This in principle allows one to read anything that uproot/awkward can read and represent (as long as to_arrow
worked):
We use the following packages to demonstrate our round trip
julia> using PythonCall
julia> const ak = pyimport("awkward")
julia> ak.__version__
Python str: '1.9.0rc10'
julia> const pa = pyimport("pyarrow");
First, let's make some non-trivial data to represent:
julia> arr = ak._v2.from_iter([pydict(("one"=>1, "two"=>[2.0])), pydict(("one"=>2, "two"=>[1.0, 2.0]))])
Python Array: <Array [{one: 1, two: [2]}, {...}] type='2 * {one: int64, two: var * float64}'>
julia> arr.one
Python Array: <Array [1, 2] type='2 * int64'>
One can almost always get a pyarrow
table out of awkward array:
julia> pa_table = ak._v2.to_arrow_table(arr)
Python Table:
pyarrow.Table
one: extension<awkward<AwkwardArrowType>> not null
two: extension<awkward<AwkwardArrowType>> not null
----
one: [[1,2]]
two: [[[2],[1,2]]]
julia> pa_batches = pa_table.to_batches()
Python list:
[pyarrow.RecordBatch
one: extension<awkward<AwkwardArrowType>> not null
two: extension<awkward<AwkwardArrowType>> not null]

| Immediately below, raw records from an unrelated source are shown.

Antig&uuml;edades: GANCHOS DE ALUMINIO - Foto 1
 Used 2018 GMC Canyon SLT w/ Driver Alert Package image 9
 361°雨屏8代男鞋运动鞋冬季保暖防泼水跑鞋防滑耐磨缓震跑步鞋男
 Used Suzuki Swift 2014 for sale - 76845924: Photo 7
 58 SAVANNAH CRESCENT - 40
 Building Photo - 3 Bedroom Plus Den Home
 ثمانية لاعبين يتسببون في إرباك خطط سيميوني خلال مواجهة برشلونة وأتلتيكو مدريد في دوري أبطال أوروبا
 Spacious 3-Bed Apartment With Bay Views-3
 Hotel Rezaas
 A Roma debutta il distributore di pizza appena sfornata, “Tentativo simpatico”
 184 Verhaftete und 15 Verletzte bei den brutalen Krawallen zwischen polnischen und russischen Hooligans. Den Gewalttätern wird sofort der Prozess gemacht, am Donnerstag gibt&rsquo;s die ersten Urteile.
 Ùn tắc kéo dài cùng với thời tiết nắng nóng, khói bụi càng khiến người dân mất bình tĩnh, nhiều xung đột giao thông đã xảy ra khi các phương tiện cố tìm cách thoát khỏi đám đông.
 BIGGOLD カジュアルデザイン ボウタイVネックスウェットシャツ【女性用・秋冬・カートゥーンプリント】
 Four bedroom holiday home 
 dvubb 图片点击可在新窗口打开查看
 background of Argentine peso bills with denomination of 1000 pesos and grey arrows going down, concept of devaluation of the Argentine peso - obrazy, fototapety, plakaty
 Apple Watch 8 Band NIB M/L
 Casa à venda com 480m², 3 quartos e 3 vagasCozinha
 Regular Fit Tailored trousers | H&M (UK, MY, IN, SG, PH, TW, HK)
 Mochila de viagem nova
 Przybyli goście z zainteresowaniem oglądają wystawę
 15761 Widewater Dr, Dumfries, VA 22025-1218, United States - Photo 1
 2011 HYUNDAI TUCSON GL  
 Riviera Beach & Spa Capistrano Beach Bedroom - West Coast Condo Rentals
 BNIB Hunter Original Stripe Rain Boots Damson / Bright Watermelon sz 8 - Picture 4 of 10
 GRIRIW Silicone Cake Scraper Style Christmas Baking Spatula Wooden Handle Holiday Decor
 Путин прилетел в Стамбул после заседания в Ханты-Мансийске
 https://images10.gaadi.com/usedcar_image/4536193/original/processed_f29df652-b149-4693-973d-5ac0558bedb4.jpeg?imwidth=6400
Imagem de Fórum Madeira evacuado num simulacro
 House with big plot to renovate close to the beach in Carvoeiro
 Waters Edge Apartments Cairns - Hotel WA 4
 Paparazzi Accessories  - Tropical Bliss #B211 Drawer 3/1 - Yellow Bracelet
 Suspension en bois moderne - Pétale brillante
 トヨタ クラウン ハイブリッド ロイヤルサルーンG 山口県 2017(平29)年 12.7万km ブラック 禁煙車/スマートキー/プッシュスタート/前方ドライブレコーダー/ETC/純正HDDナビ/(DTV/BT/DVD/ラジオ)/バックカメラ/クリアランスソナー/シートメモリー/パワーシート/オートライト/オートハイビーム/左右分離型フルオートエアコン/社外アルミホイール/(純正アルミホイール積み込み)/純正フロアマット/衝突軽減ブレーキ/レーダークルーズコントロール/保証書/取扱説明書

There's always only one batch due to how awkward
does this thing:
https://github.com/scikit-hep/awkward/blob/dd2a3f400e29fc9ea908fc7d8267f592091457bb/src/awkward/operations/convert.py#L2590
julia> batch = only(pa_batches)
Python RecordBatch:
pyarrow.RecordBatch
one: extension<awkward<AwkwardArrowType>> not null
two: extension<awkward<AwkwardArrowType>> not null
julia> batch.num_rows
Python int: 2
julia> batch.num_columns
Python int: 2
Here's the important bit
We can write whole block of IPC stream bytes into a Julia buffer, and Arrow.jl
can re-use that memory blob and turn it into a table:
julia> jl_sink = IOBuffer()
julia> pywith(pa.ipc.new_stream(jl_sink, batch.schema)) do writer
writer.write_batch(batch)
end;
julia> DataFrame(Arrow.Table(take!(jl_sink)))
2×2 DataFrame
Row │ one two
│ Int64 Array…
─────┼───────────────────
1 │ 1 [2.0]
2 │ 2 [1.0, 2.0]